Out o curiosity: anyone could use potentially this method to track the IP addresses of nodes that have validator clients attached, correct?
According to our data, there is about ~11.9K beacon nodes in the network, from which ~5.5K are subscribed to at least one attestation network (i.e., Validators). From this 5.5K, about ~1.9K are subscribed to only one attestation network, and about ~1.1K to 64 attestation networks, which is the total number of attestation networks that exist (64). So I would say there are about ~3K nodes running as solo stakers (less than 5 validators) and about ~1K nodes that belong to large institutional staking operators (e.g., Lido, etc).
To answer your other question: yes, anyone can use this method to track the IP addresses of all the nodes registered to an attestation network (which does not necessarily means all of them have validators), but you cannot use this method to track the IP address of any specific validator. In other words, we just have the list of nodes operating in the network and some partial information about them, but we don’t know who is who. Does this make sense?
Yes that makes sense, and in fact is very reassuring to hear. The results are really informative. It’s great to get that broad breakdown of the number of nodes attached to validators and the ratio of solos taker nodes to institutional node operators.

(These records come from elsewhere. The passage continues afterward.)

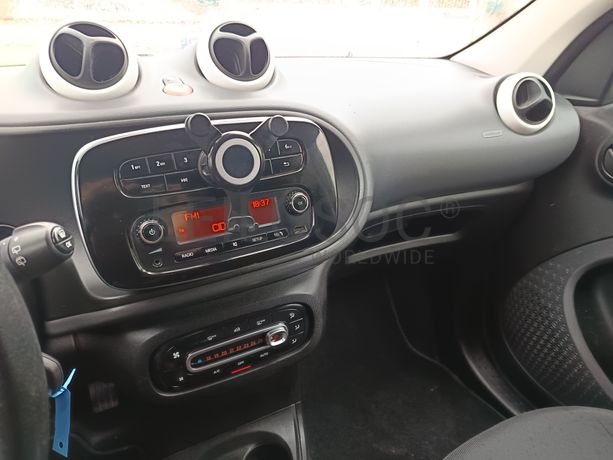 Smart Forfour · Ano 2016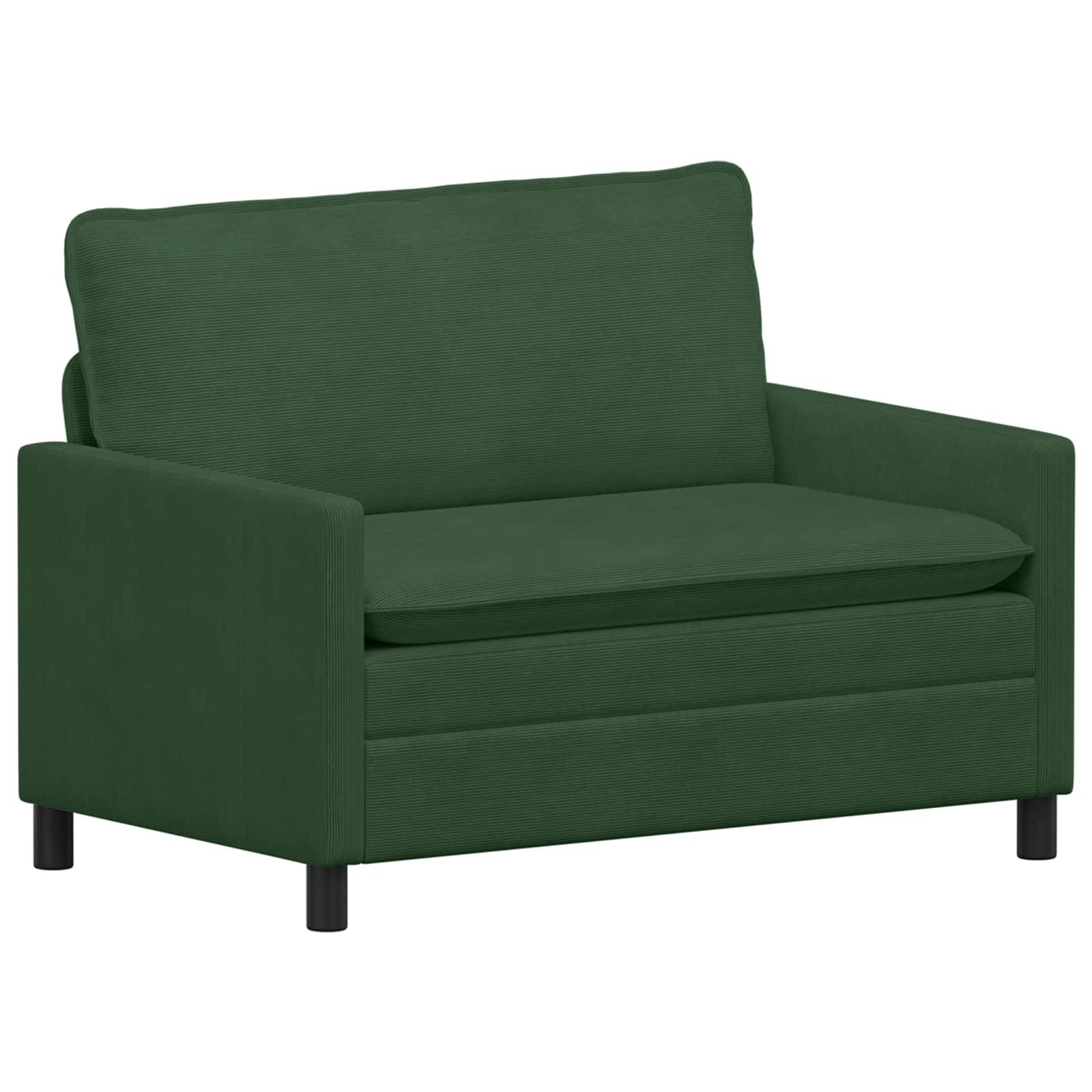 Sofa Dschungelgrün 126 x 81 x 87,5 cm Stoff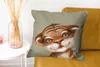MuchoWow® Zierkissen Sofakissen Wohnzimmer Dekokissen 60x60 Produktbild-Vorschau 6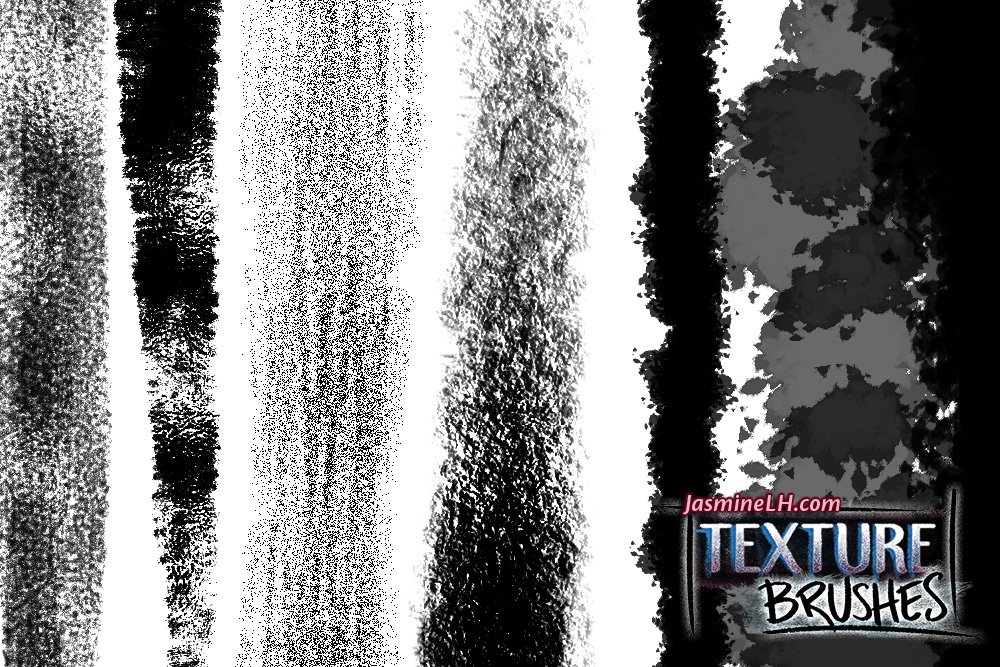 jlh texture brushes sample sheet4 318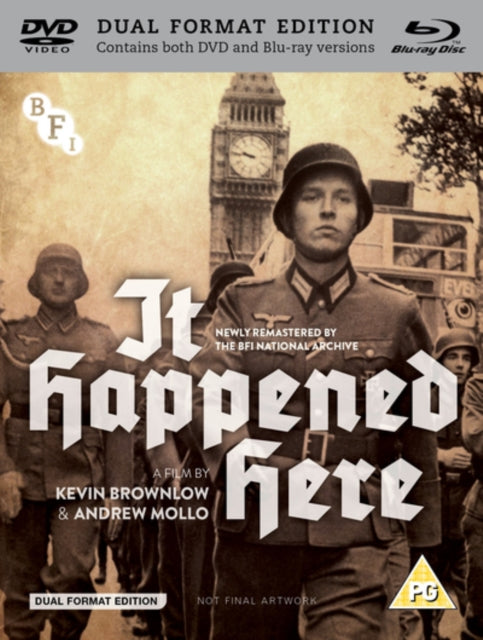 It Happened Here (Dual Format Edition) (Blu-ray + DVD)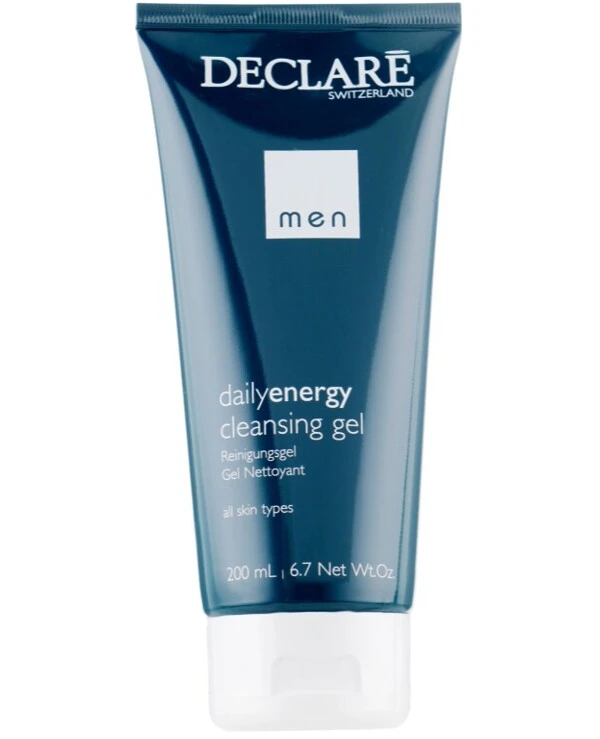 Declare - Очищающий гель Men Declare Cleansing Gel 200 мл back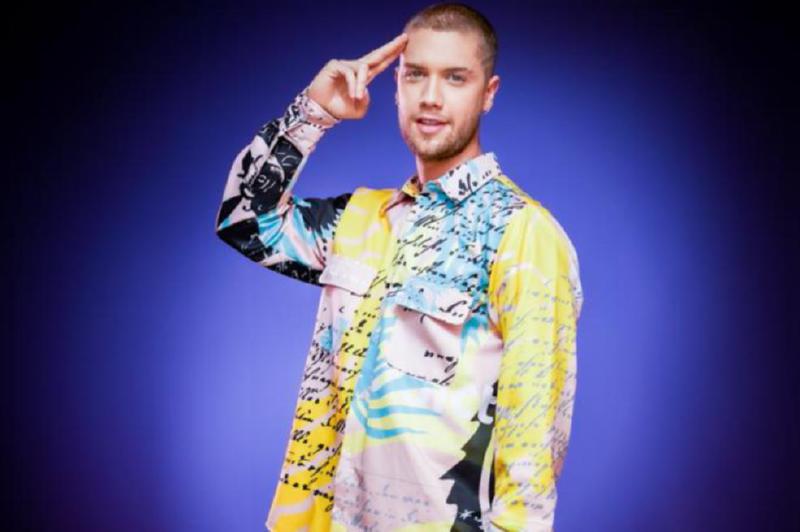Juan Manuel Restrepo, de ‘Pez Koi’ a ‘Dragón’ en “La reina del flow 2”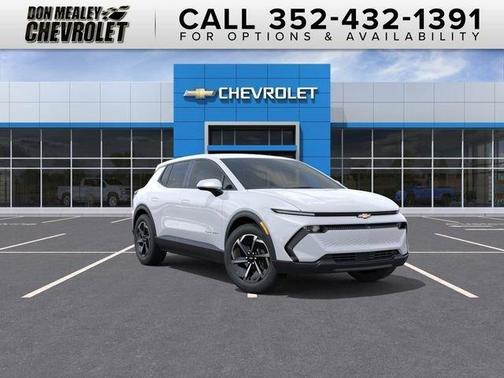 White 2026 Chevrolet Equinox EV LT 1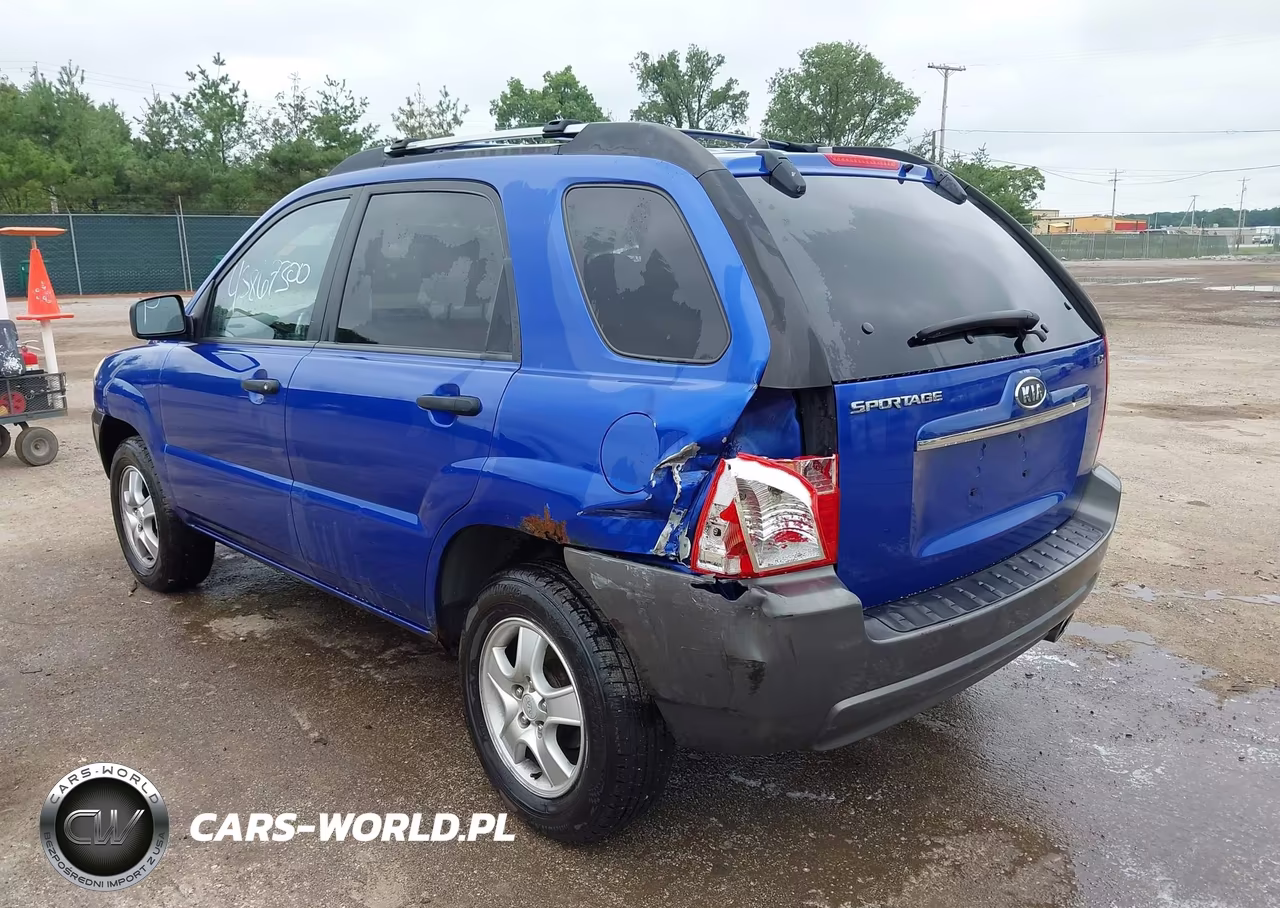 2007 Kia Sportage Lx VIN:KNDJF724X77373267 - 6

Do you think then we can get a general idea of where those nodes are distributed, and whether it follows the larger geographical distribution of nodes? i.e. out of the 3k solo stakes nodes, are they widely dispersed? Are institutional node operators largely located in EU/US, or have Lido’s node operator policies had the desired effect of encouraging a more geographical distribution?
Thanks for the feedback. We have not looked at the breakdown geographical distribution for solo stakers vs institutional stakers, but we can definitely do it.